● **Exercise directions**
Output exactly the lines from the one containing "Lace Corset Satin Maxi Dress" through the final line of the entries below, both included, and skip the pictures.

● **Items from a dataset**
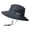 Black, variant on Outdoor Sun Hat UPF 50 Protection Wide Brim with Ponytail Hole Mesh Side Adjustable Chin Strap for Hiking Camping Fishing Size:One Size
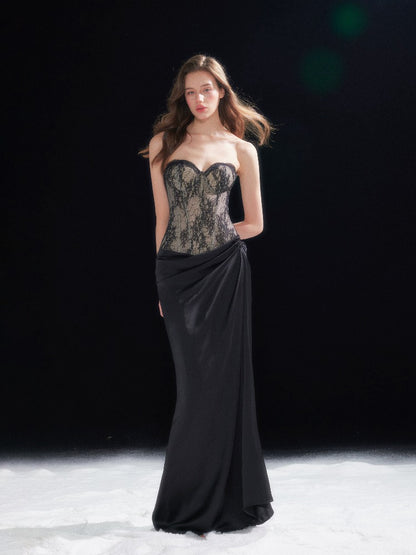 Lace Corset Satin Maxi Dress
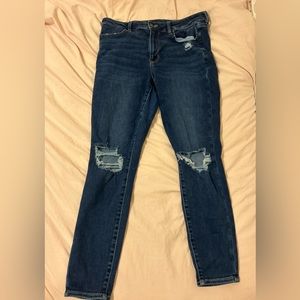 American Eagle, size 14, Next Level Stretc jeggings, ripped and high rise.
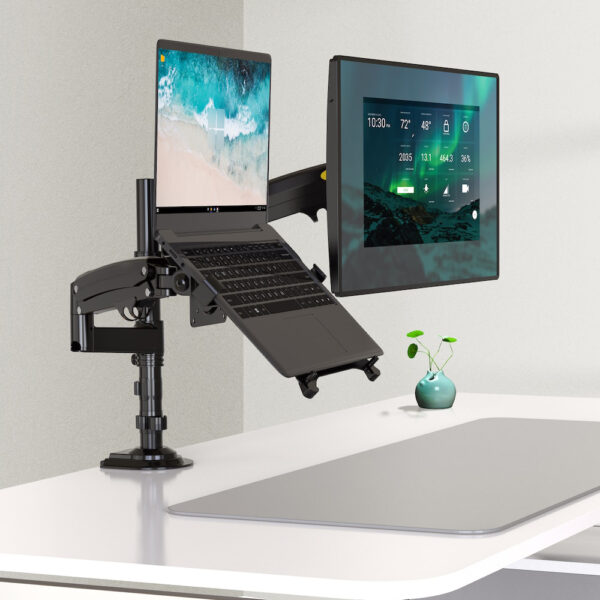 Monitor Desk Stand with Laptop Tray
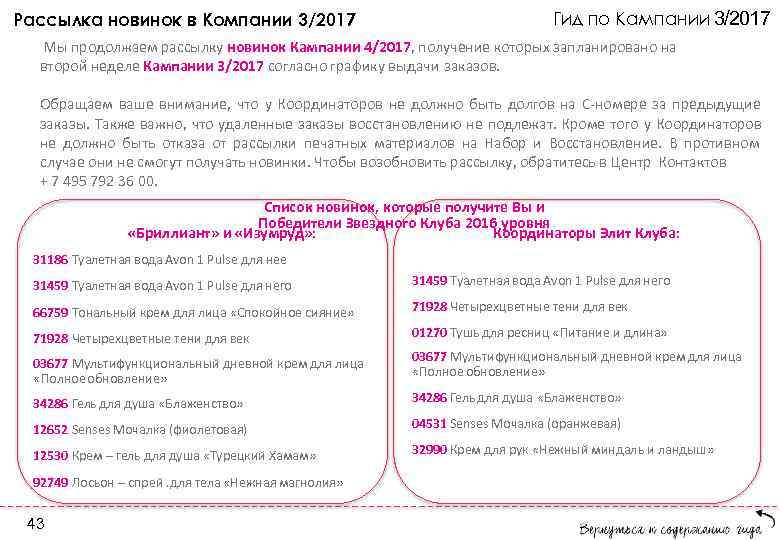 Рассылка новинок в Компании 3/2017 Гид по Кампании 3/2017 Мы продолжаем рассылку новинок Кампании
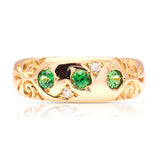 Antique, Victorian three-stone tsavorite gypsy ring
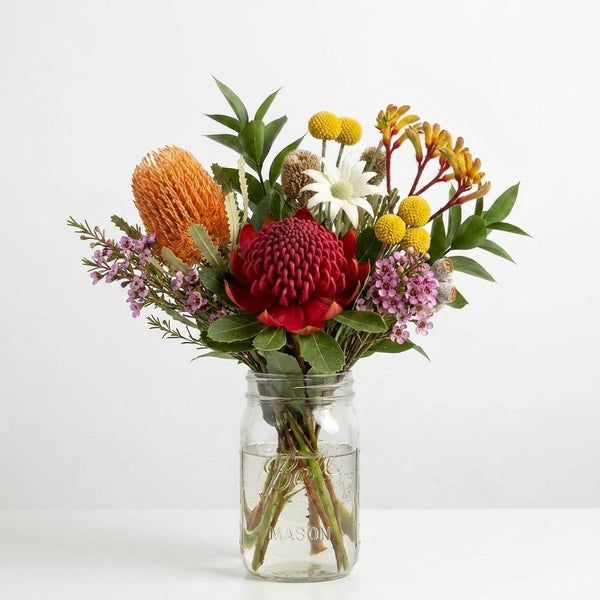 native australian flowers hand-selected by florists and arranged in a mason jar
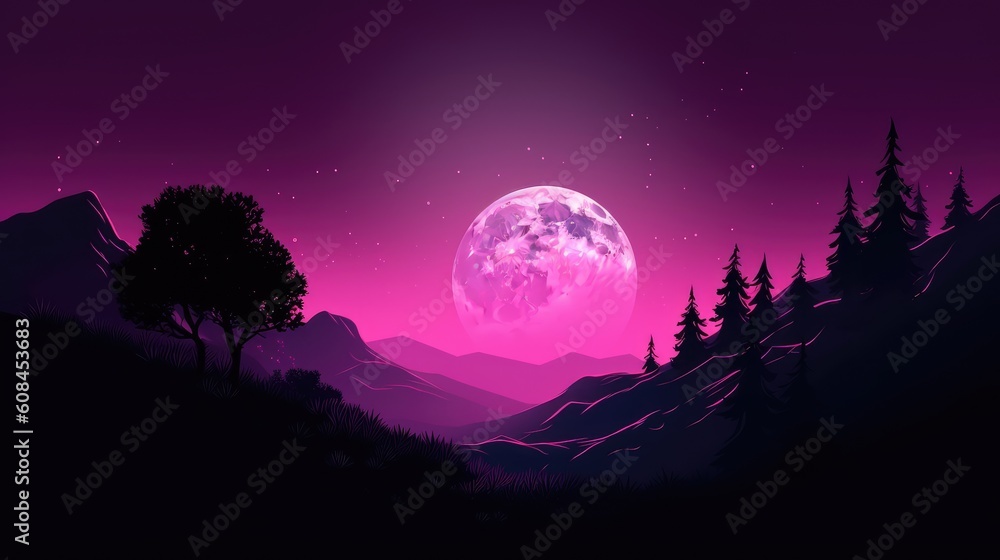 landscape with moon purple wallpaper background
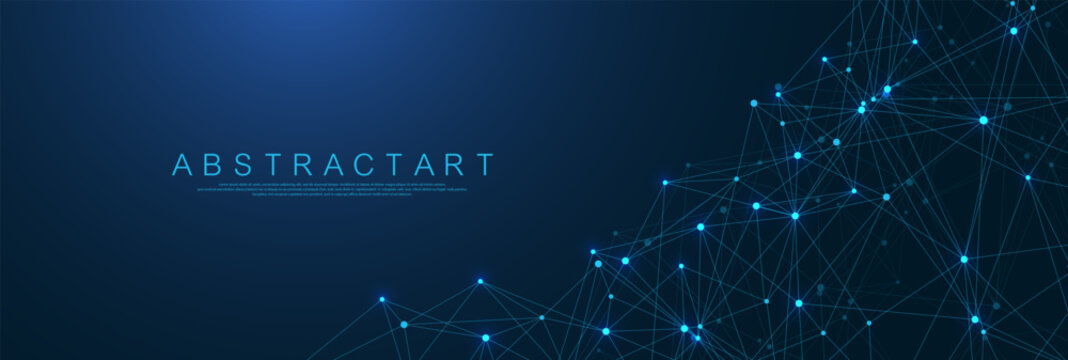 Global network connection concept. Big data visualization. Social network communication in the global computer networks. Internet technology. Business. Science. Vector illustration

● **Output of the exercise**
 Lace Corset Satin Maxi Dress
 American Eagle, size 14, Next Level Stretc jeggings, ripped and high rise.
 Monitor Desk Stand with Laptop Tray
 Рассылка новинок в Компании 3/2017 Гид по Кампании 3/2017 Мы продолжаем рассылку новинок Кампании
 Antique, Victorian three-stone tsavorite gypsy ring
 native australian flowers hand-selected by florists and arranged in a mason jar
 landscape with moon purple wallpaper background
 Global network connection concept. Big data visualization. Social network communication in the global computer networks. Internet technology. Business. Science. Vector illustration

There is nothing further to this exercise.